El consultor internacional Leandro Pierbattisti planteó que el futuro del cereal argentino dependerá de segmentar destinos, mejorar calidad comercial y planificar exportaciones con visión de largo plazo.
Redactor: Santiago Duarte
Editor: Eduardo Schmitz
Argentina tiene trigo, experiencia productiva y capacidad exportadora, pero ese piso ya no alcanza para sostener una posición fuerte en el mercado internacional. El consultor internacional Leandro Pierbattisti advirtió que el país no puede seguir exportando simplemente el cereal que queda disponible después de cubrir el mercado interno. Su planteo apunta a un cambio de enfoque: producir, clasificar y vender trigo con estrategia, pensando en demandas concretas y no solo en volúmenes generales.
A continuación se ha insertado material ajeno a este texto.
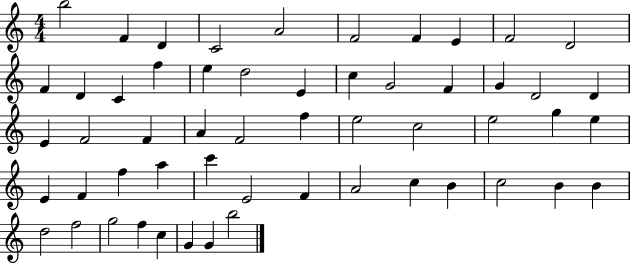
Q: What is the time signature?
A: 4/4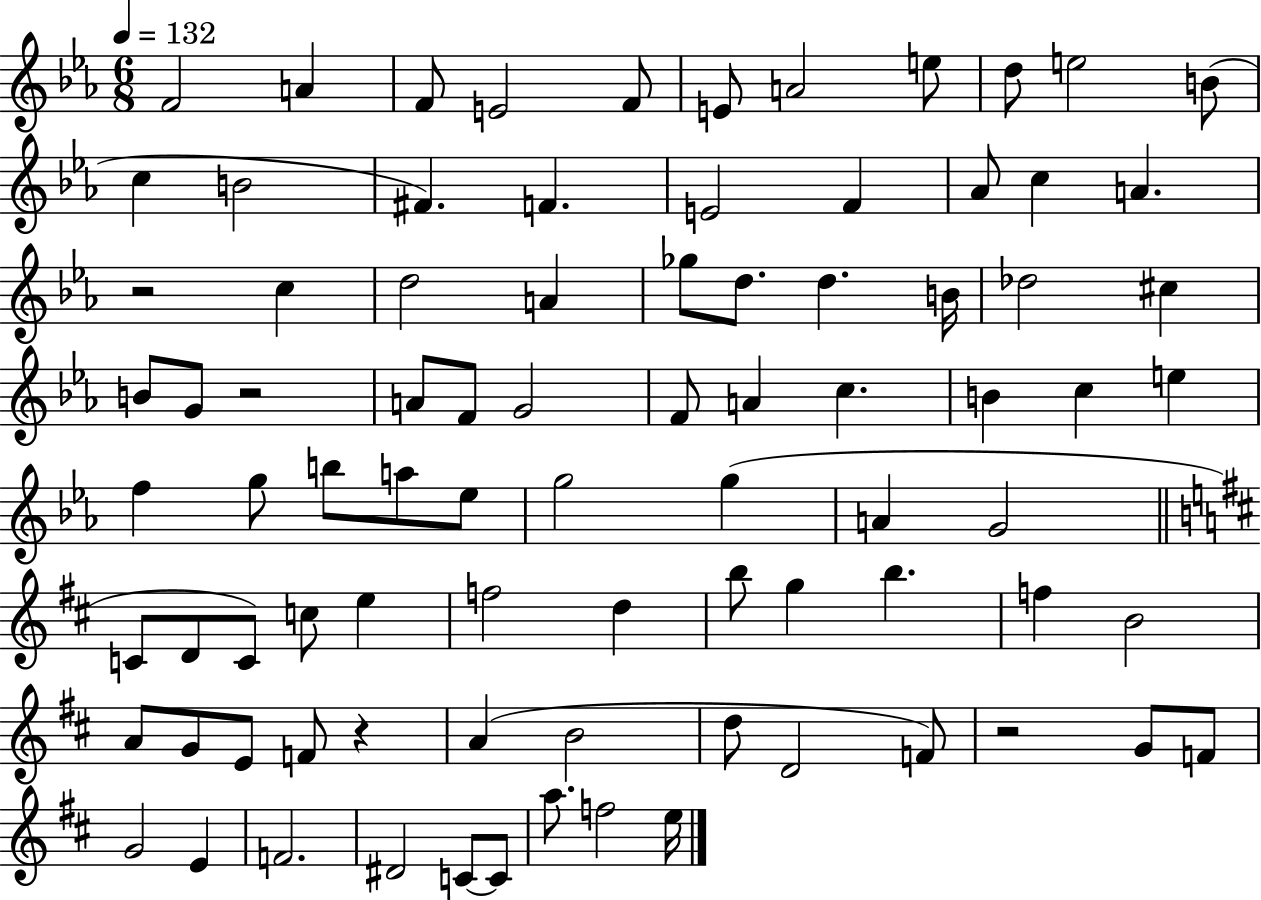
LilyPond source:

{
  \clef treble
  \numericTimeSignature
  \time 6/8
  \key ees \major
  \tempo 4 = 132
  f'2 a'4 | f'8 e'2 f'8 | e'8 a'2 e''8 | d''8 e''2 b'8( | \break c''4 b'2 | fis'4.) f'4. | e'2 f'4 | aes'8 c''4 a'4. | \break r2 c''4 | d''2 a'4 | ges''8 d''8. d''4. b'16 | des''2 cis''4 | \break b'8 g'8 r2 | a'8 f'8 g'2 | f'8 a'4 c''4. | b'4 c''4 e''4 | \break f''4 g''8 b''8 a''8 ees''8 | g''2 g''4( | a'4 g'2 | \bar "||" \break \key d \major c'8 d'8 c'8) c''8 e''4 | f''2 d''4 | b''8 g''4 b''4. | f''4 b'2 | \break a'8 g'8 e'8 f'8 r4 | a'4( b'2 | d''8 d'2 f'8) | r2 g'8 f'8 | \break g'2 e'4 | f'2. | dis'2 c'8~~ c'8 | a''8. f''2 e''16 | \break \bar "|."
}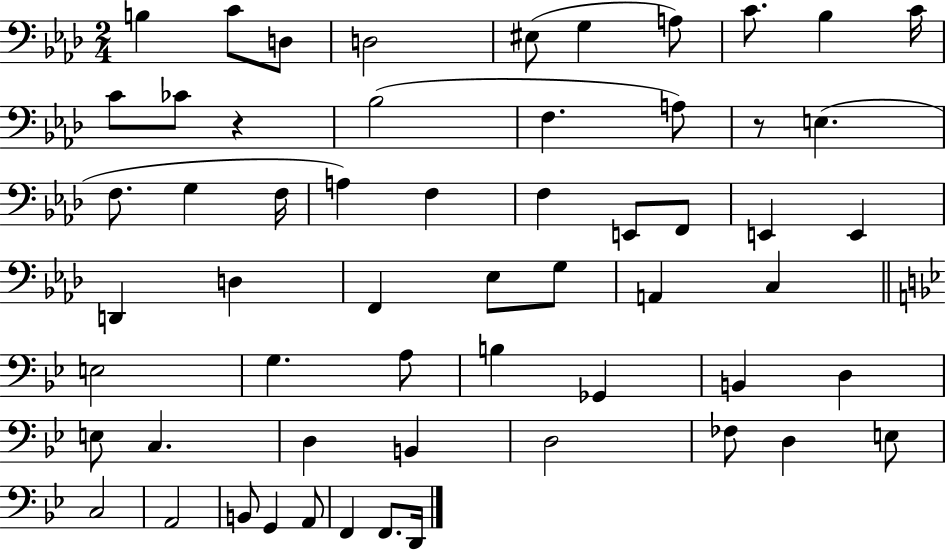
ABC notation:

X:1
T:Untitled
M:2/4
L:1/4
K:Ab
B, C/2 D,/2 D,2 ^E,/2 G, A,/2 C/2 _B, C/4 C/2 _C/2 z _B,2 F, A,/2 z/2 E, F,/2 G, F,/4 A, F, F, E,,/2 F,,/2 E,, E,, D,, D, F,, _E,/2 G,/2 A,, C, E,2 G, A,/2 B, _G,, B,, D, E,/2 C, D, B,, D,2 _F,/2 D, E,/2 C,2 A,,2 B,,/2 G,, A,,/2 F,, F,,/2 D,,/4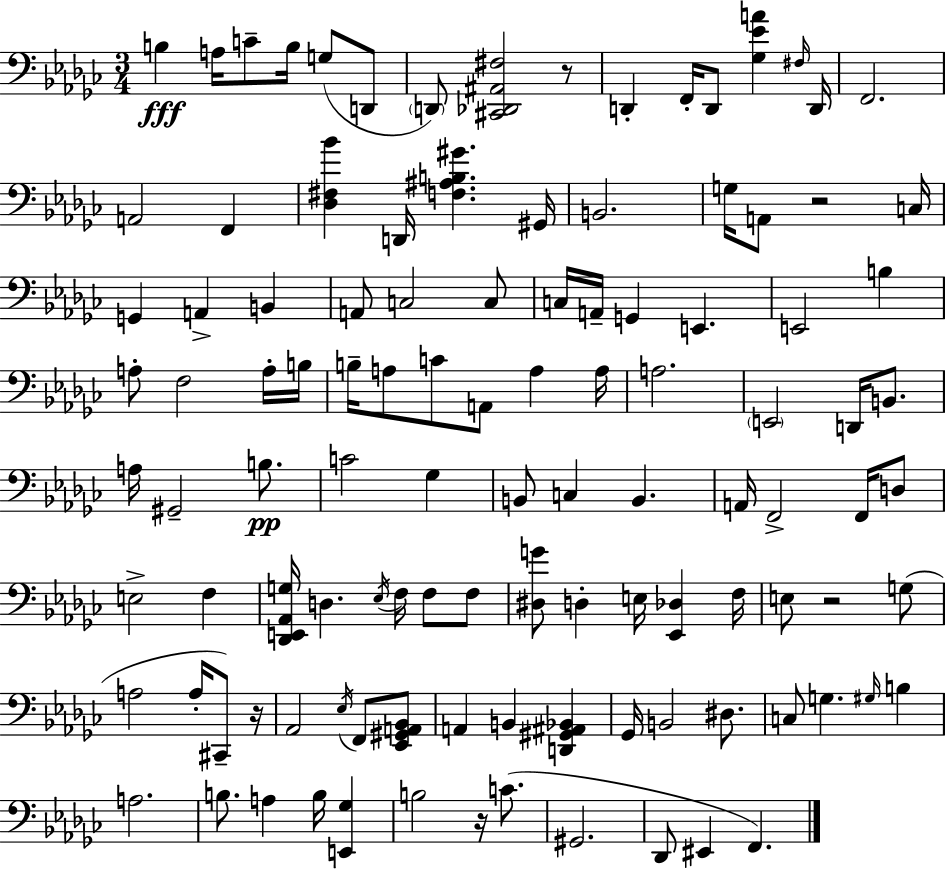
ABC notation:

X:1
T:Untitled
M:3/4
L:1/4
K:Ebm
B, A,/4 C/2 B,/4 G,/2 D,,/2 D,,/2 [^C,,_D,,^A,,^F,]2 z/2 D,, F,,/4 D,,/2 [_G,_EA] ^F,/4 D,,/4 F,,2 A,,2 F,, [_D,^F,_B] D,,/4 [F,^A,B,^G] ^G,,/4 B,,2 G,/4 A,,/2 z2 C,/4 G,, A,, B,, A,,/2 C,2 C,/2 C,/4 A,,/4 G,, E,, E,,2 B, A,/2 F,2 A,/4 B,/4 B,/4 A,/2 C/2 A,,/2 A, A,/4 A,2 E,,2 D,,/4 B,,/2 A,/4 ^G,,2 B,/2 C2 _G, B,,/2 C, B,, A,,/4 F,,2 F,,/4 D,/2 E,2 F, [_D,,E,,_A,,G,]/4 D, _E,/4 F,/4 F,/2 F,/2 [^D,G]/2 D, E,/4 [_E,,_D,] F,/4 E,/2 z2 G,/2 A,2 A,/4 ^C,,/2 z/4 _A,,2 _E,/4 F,,/2 [_E,,^G,,A,,_B,,]/2 A,, B,, [D,,^G,,^A,,_B,,] _G,,/4 B,,2 ^D,/2 C,/2 G, ^G,/4 B, A,2 B,/2 A, B,/4 [E,,_G,] B,2 z/4 C/2 ^G,,2 _D,,/2 ^E,, F,,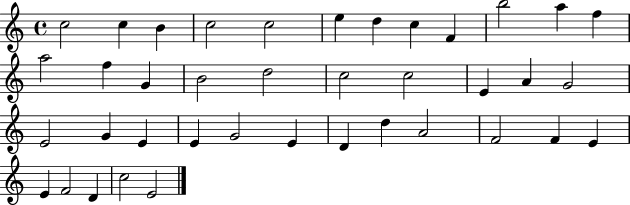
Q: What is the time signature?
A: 4/4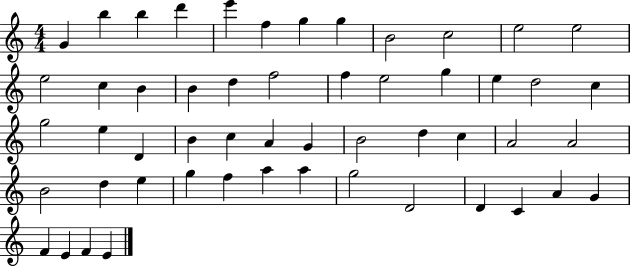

La advertencia llega en un momento en que el cereal vuelve a ocupar un lugar central dentro del mercado mundial del trigo. Argentina viene de campañas con fuerte protagonismo productivo, pero la discusión ya no pasa únicamente por cuántas toneladas puede cosechar, sino por qué tipo de trigo ofrece, a qué destinos apunta y cómo organiza su política comercial frente a competidores que trabajan con una segmentación más fina.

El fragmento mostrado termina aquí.